手足口病の主な症状には下記のようなものがあります。

  • 口の中、手のひら、足の裏や甲に小さな水疱性の発疹ができる(肘や膝、おしりなどにも発疹が出現することもある)
  • 口の中が痛み、食べたり飲んだりできない
  • 37〜38℃の発熱


まれに下記のような合併症を引き起こすことがあります。

  • 髄膜炎
  • 小脳失調症
  • 脳炎
  • 心筋炎


治療・ケア方法

特定の治療方法はなく、発熱に解熱剤が処方されるなど対症療法を行いながら回復を待ちます。口内に発疹が出るため、刺激にならないような薄味で食べやすい食べ物を摂るのが良いでしょう。
また看病するママ・パパへの感染を予防するために、おむつ交換後の手洗い、消毒を徹底するようにしましょう。

7.ヘルパンギーナ

毎年6〜7月頃に流行する夏風邪として代表的な感染症です。

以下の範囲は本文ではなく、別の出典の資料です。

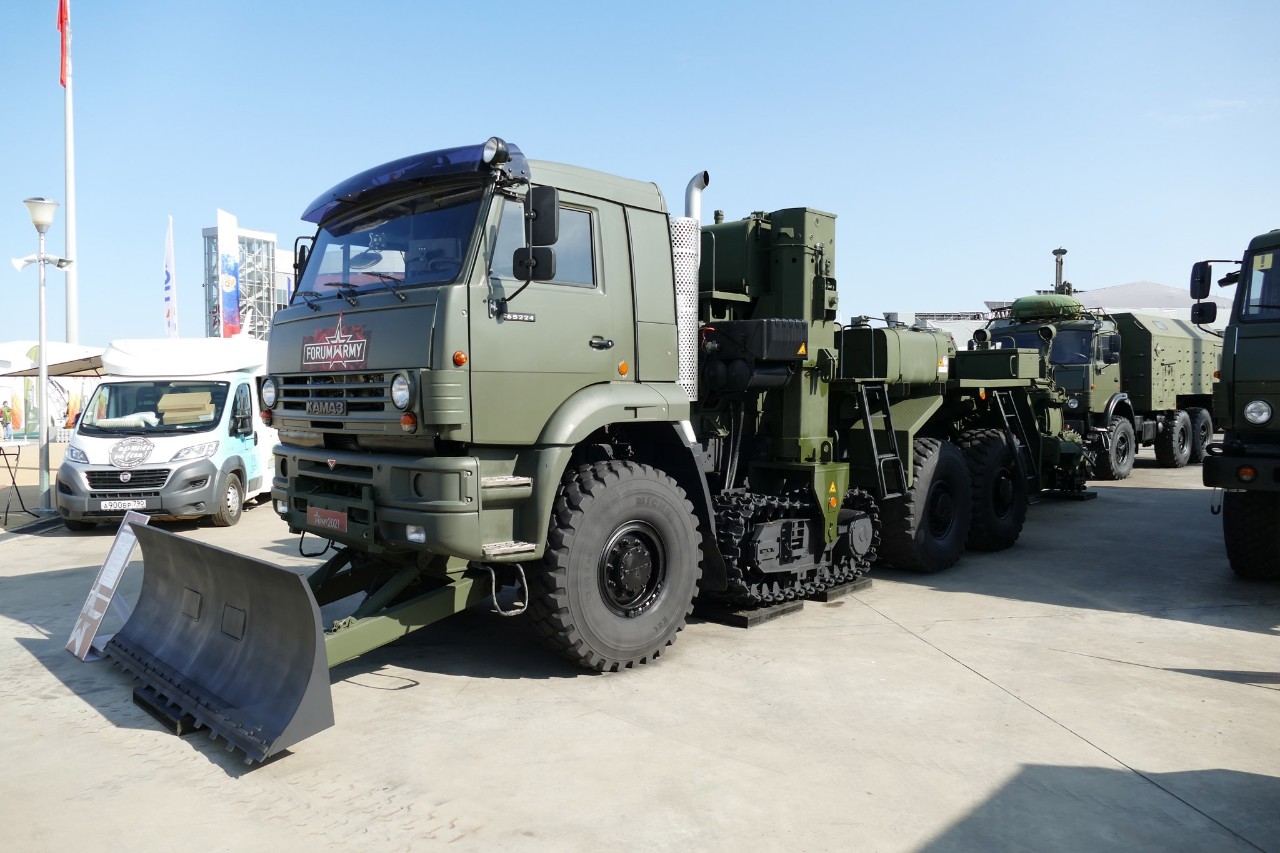 Российские военные инженеры получат новую машину взамен харьковского  трактора ::Первый Севастопольский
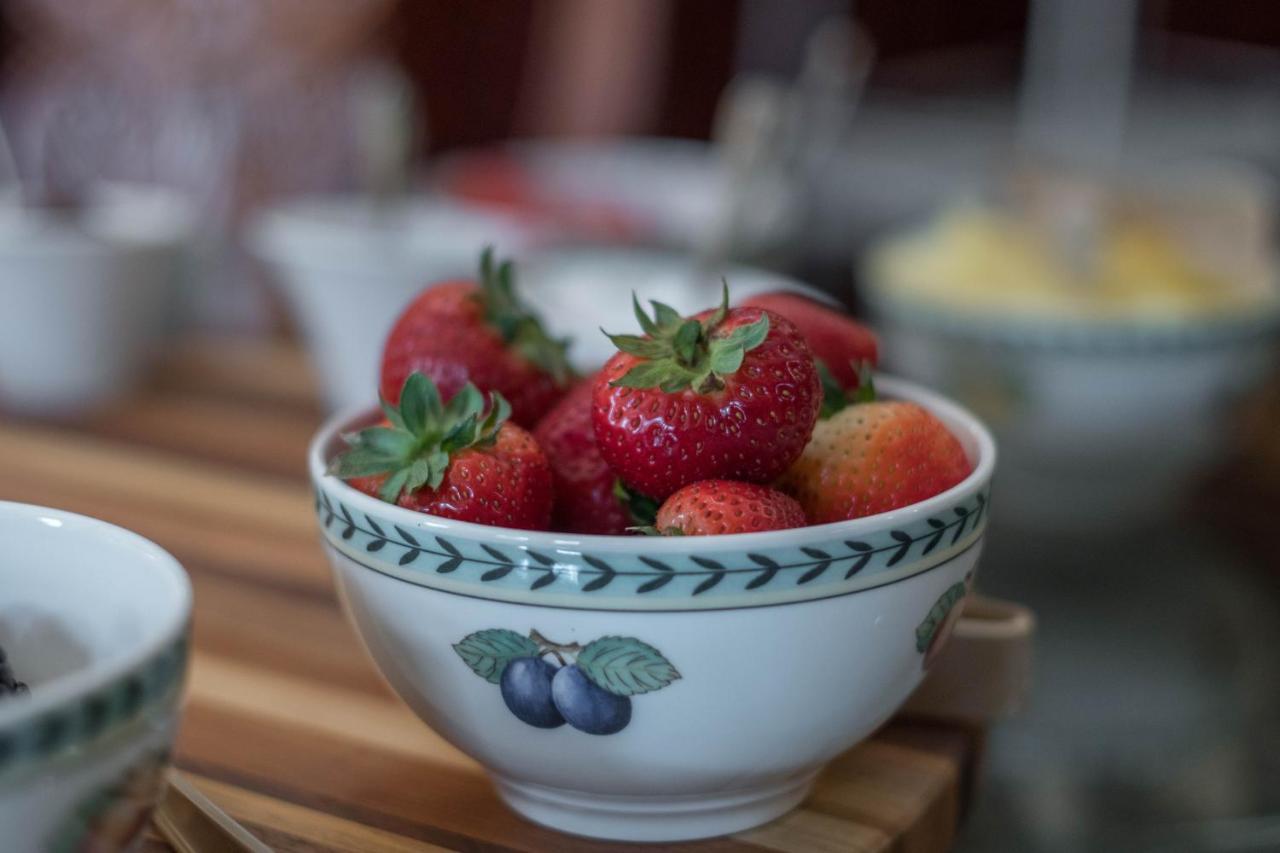 The Victoria Bed & Breakfast Bentonville Esterno foto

急な高熱と口内や喉の奥の発疹と痛みが特徴です。

症状

ヘルパンギーナの主な症状には下記のようなものがあります。

  • 38℃以上の急な発熱
  • 口内や喉の奥に水疱性の発疹ができる
  • 喉や口腔内の痛み
  • 食欲不振
  • 全身のだるさ


口内の痛みによって下記の症状が引き起こされることがあります。

  • 水分を摂取できないことによる脱水症


治療・ケア方法

ウイルスへの特効薬はなく、熱や喉の痛みに対して解熱剤や鎮痛薬が処方されることがあります。喉の痛みで食事を摂りにくいことがあるので、口当たりの良い柔らかいものを摂るのが良いでしょう。脱水症にならないようこまめな水分補給を意識します。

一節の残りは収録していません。